If the categories are highly imbalanced, high accuracy can be obtained by always guessing the category with the largest number of elements. Accuracy can be checked by randomly classifying the elements and comparing the percent guessed correctly with the accuracy of the algorithm. Accuracy should also be validated with Precision and Recall to detect how the data may be set up to cheat.

Precision
Precision is the correct classifications penalized by the number of incorrect classifications. true positives / ( true positives + false positives). In this example, the precision is:

(reading down each predicted column)

positive statements is 15 / (15 + 20) = .43

negative statements is 15 / (15 + 110) = .12

neutral statements is 1000 / (1000 + 110) = .90

How to Cheat:

You can get high precision by rarely classifying in a given category but this ruins Recall.

Recall

Recall is the number of correct classifications penalized by the number of missed items. true positives / (true positives + false negatives). in this example, the recall is:

(reading across each Actual row)

positive statements is 15 / (15 + 110) = .12

negative statements is 15 / (15 + 20) = .43

neutral statements is 1000 / (1000 + 110) = .90

F Measure (F1)

F1 measure is a derived effectiveness measurement. The resultant value is interpreted as a weighted average of the precision and recall. The best value is 1 and the worst is 0.
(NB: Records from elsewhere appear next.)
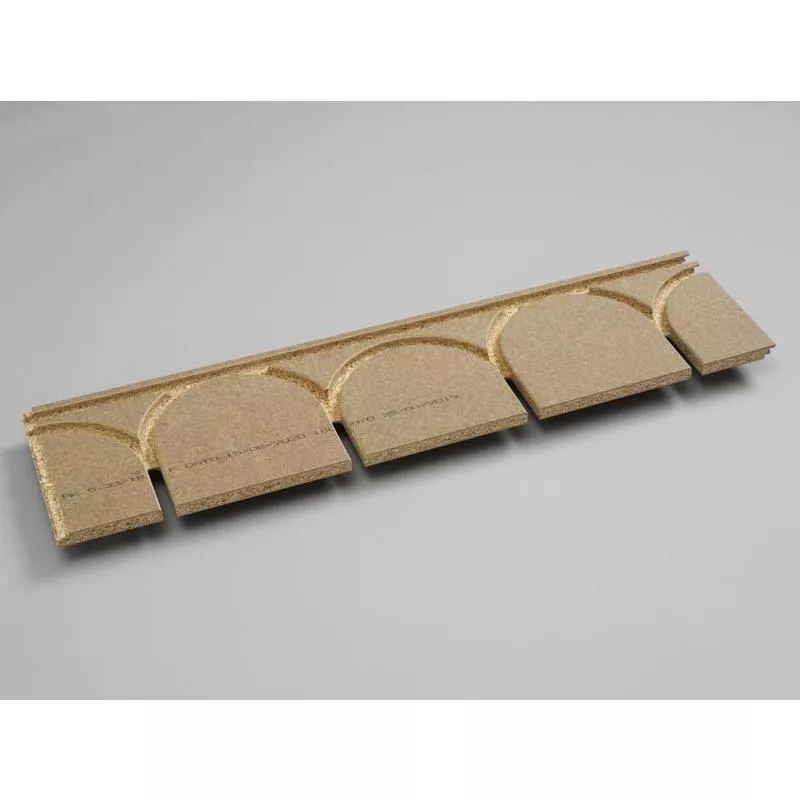 Golvspånskiva vändskiva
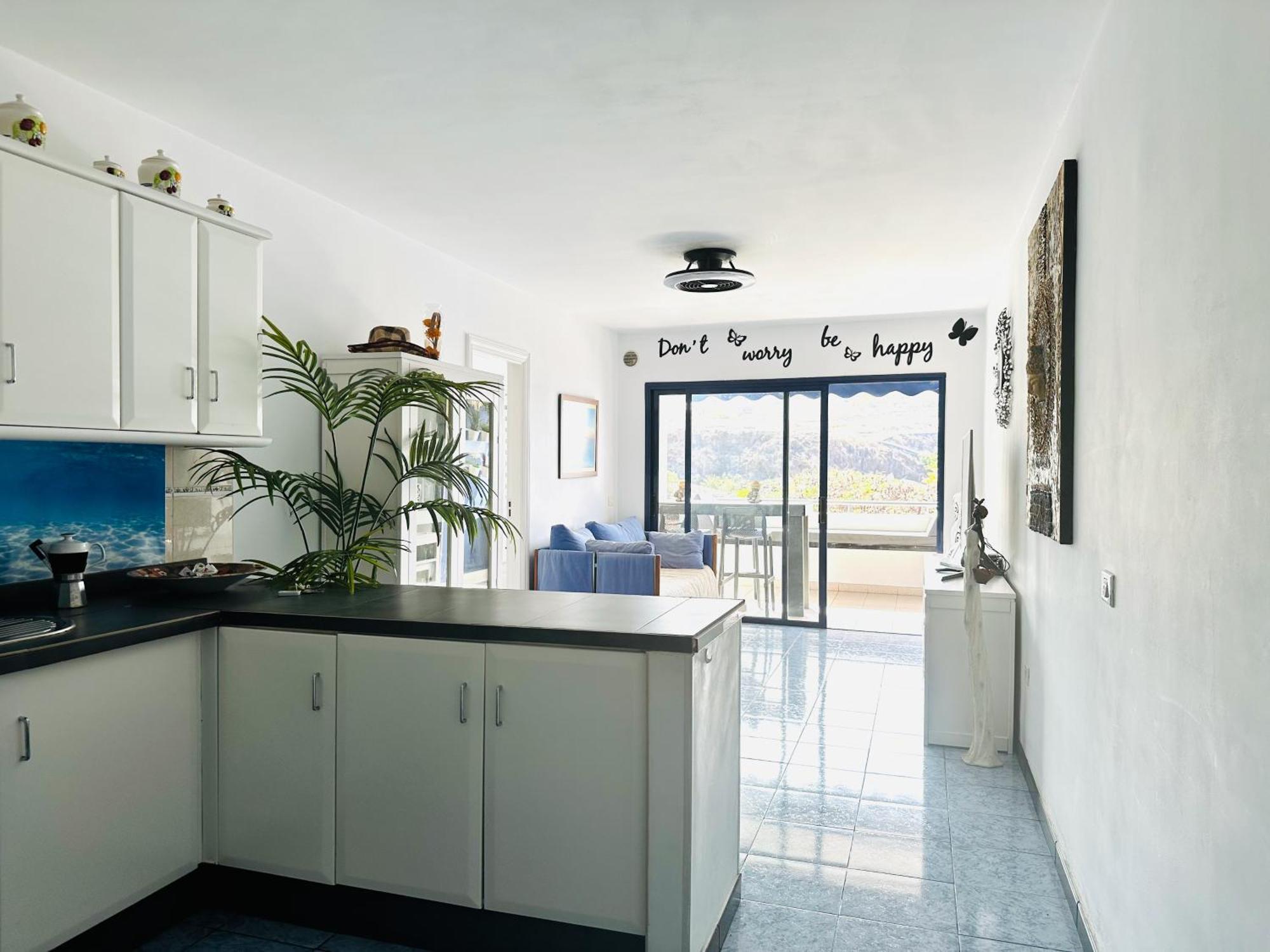 Pambnb - Chic Beachside Apartment Playa San Juan 外观 照片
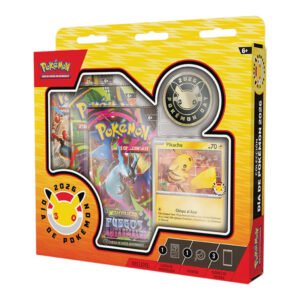 Pokemon Day 2026 - Coleccion Especial 30 aniversario Español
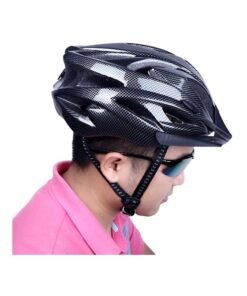 Alternative view of QiaoKai 18 Vents Ultralight Integrally Molded Helmet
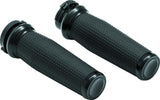 Kuryakyn Thresher Grips Dual Cable Black - 5941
2((precision*recall) / (precision+recall))

positive statements:  2*((0.43 * 0.12) / (0.43 + 0.12)) = 0.18

negative statements: 2*((0.12 * 0.43) / (0.12 + 0.43)) = 0.18

neutral statements: 2*((0.9 * 0.9) / (0.9 + 0.9)) = 0.9

Observations

In this example, although the Accuracy at 81% seems good, the precision and recall indicate that the numbers are skewed by having an imbalance in the number of values tested across the categories. This is clearly visible in the F measure numbers. It could be that the model in this example was built with many more neutral statements than positive and negative and the test data contains mostly neutral statements. Accuracy alone can be misleading.
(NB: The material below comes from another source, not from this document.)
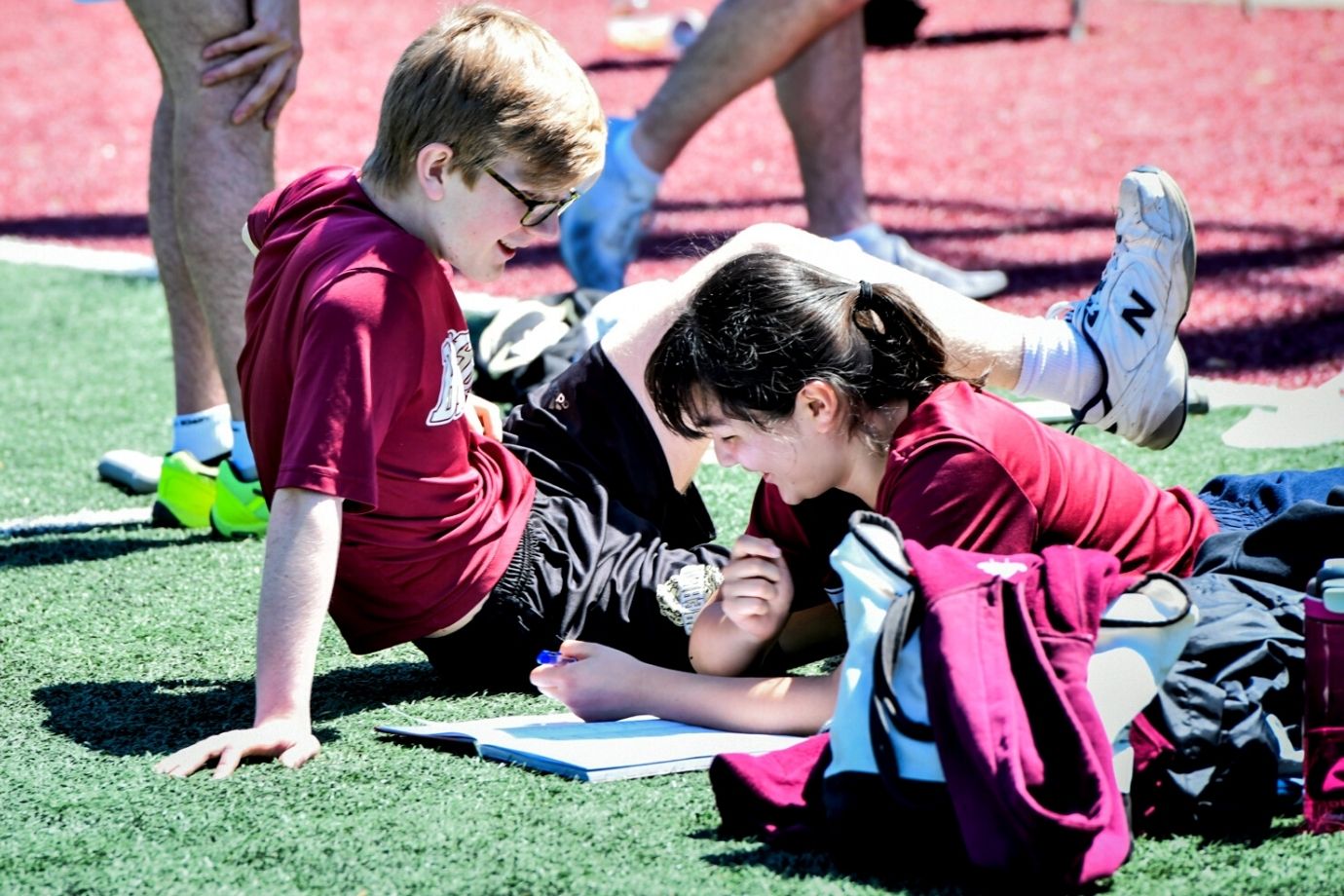 Une offre sportive sym trique pour les filles et les gar ons au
Ideally you want to see a matrix more like the following:

Predicted
Actual Pos Neg Neutral
Pos 105 10 10
Neg 6 90 8
Neutral 12 15 150

Accuracy = 0.85

Precision

Positive = 0.85

Negative = 0.78

Neutral = 0.89

Recall

Positive = 0.84

Negative = 0.87

Neutral = 0.85

F Measure

positive = 0.84

negative = 0.86

neutral = 0.87

All the numbers are in the same ballpark and are reasonably balanced across the matrix with the bulk of the numbers on the diagonal showing a majority of correct classifications. This also shows a greater likelihood of the model being constructed with a balanced data set and that the test data evaluated by the model is also balanced.